L’identità dell’essere umano può essere colta solo da una riflessione centrata sulla nascita, più che sulla morte. L’evento della nascita, coinvolgendo tre persone, smentisce la concezione di un individuo autarchico e generato da se stesso, autosufficiente e immune da contaminazioni. Un essere così disgiunto e a se stante non solo non sarebbe unico e irripetibile, ma non potrebbe neppure esistere, dal momento che la singolarità delle persone dipende dall’intreccio relazionale in cui si collocano e si rinnovano costantemente. «Come pensare ancora cartesianamente l’Io come principio e fondamento di se stesso ? scrive Claudio Tarditi citato da Zucal ? allorché la sua esistenza è inaugurata da un evento di cui non può appropriarsi e che apre l’avventura della sua vita attraverso un «sovrappiù» di senso di cui esso non è in alcun modo l’origine? » (p. 25). Il bambino instaura una relazione con il Tu già nel ventre materno, dunque la sua identità relazionale è costitutiva. L’Io potrà pensare a se stesso mediante un nome che riceve da altri, a dimostrazione del fatto che l’etero-relazione è il fondamento dell’auto-relazione. L’uomo deve alla nascita il rinnovamento del mondo, ma la nascita è un evento che assegna all’uomo un destino di dipendenza relazionale, che non è in contrasto con l’aspirazione alla libertà responsabile: un individuo separato e recluso in se stesso, autogenerato e autosufficiente non potrebbe sentirsi responsabile verso nessuno, perciò il suo libero arbitrio non sarebbe praticabile.

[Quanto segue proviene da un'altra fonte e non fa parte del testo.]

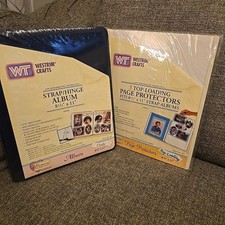 Westrim Crafts Strap Hinge Album 8.5 x 11" 20 Pages Cloth New  Sealed W Bonus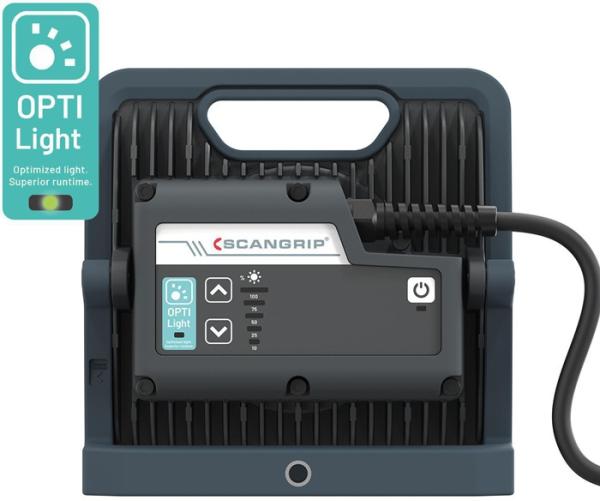 Scangrip LED-Arbeitsleuchte NOVA 4 29 W 400-4000 lm 5 m H07RN-F 3G1 mm² IP67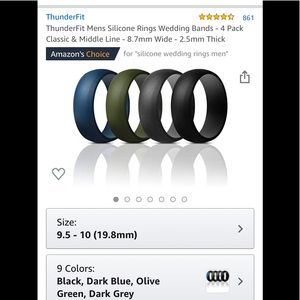 Silicone Men's Rings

Una donna può usare il verbo «concepire» in due accezioni corrispondenti al senso proprio del contenere e promuovere nel proprio seno la formazione di un nuovo essere umano e nel senso derivato di generare una personale concezione della vita e del mondo. L’uomo può concepire solo nella seconda accezione. E dato che tutti gli esseri umani, indipendentemente dal sesso, possono avere una gravidanza teoretica, sono capaci di concepimento spirituale, l’attitudine della donna a concepire e generare nuovi esemplari di esseri umani si colloca a un primo livello, poiché rappresenta la condizione del concepimento in senso derivato da parte di nuovi esseri umani. L’uomo che pensa è stato rappresentato come una madre. Con Nietzsche Zarathustra avverte di avere le doglie e di essere in procinto di partorire se stesso trasmutato nell’oltre-uomo, dovendo essere insieme il bambino e la madre, il partorito e la partoriente (p. 31).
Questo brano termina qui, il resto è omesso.